(Web page caption snippets)
┏━━

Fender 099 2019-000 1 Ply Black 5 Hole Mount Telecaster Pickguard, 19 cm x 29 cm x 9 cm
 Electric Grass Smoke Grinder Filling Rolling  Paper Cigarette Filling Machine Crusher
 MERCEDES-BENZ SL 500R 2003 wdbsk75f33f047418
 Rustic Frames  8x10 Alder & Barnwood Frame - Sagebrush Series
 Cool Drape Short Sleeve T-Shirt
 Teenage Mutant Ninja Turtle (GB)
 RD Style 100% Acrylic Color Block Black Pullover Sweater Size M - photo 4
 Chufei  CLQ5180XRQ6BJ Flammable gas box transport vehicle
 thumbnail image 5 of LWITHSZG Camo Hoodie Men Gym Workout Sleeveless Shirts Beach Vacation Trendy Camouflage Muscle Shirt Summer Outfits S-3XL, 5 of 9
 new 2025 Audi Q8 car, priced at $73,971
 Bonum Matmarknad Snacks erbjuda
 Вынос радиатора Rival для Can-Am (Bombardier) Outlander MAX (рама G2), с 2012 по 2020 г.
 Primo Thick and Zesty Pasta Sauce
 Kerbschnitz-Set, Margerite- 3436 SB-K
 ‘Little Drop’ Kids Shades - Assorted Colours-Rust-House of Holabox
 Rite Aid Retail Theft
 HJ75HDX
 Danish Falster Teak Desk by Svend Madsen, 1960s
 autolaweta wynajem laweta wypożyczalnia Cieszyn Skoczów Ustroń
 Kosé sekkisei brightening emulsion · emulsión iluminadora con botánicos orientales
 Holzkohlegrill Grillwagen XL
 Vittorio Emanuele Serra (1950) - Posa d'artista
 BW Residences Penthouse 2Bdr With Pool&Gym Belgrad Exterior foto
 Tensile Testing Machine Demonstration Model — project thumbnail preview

┗━━

What you need to do —
Wherever a line in the entries above holds "Shirt", copy that line.

Your response —
 Cool Drape Short Sleeve T-Shirt
 thumbnail image 5 of LWITHSZG Camo Hoodie Men Gym Workout Sleeveless Shirts Beach Vacation Trendy Camouflage Muscle Shirt Summer Outfits S-3XL, 5 of 9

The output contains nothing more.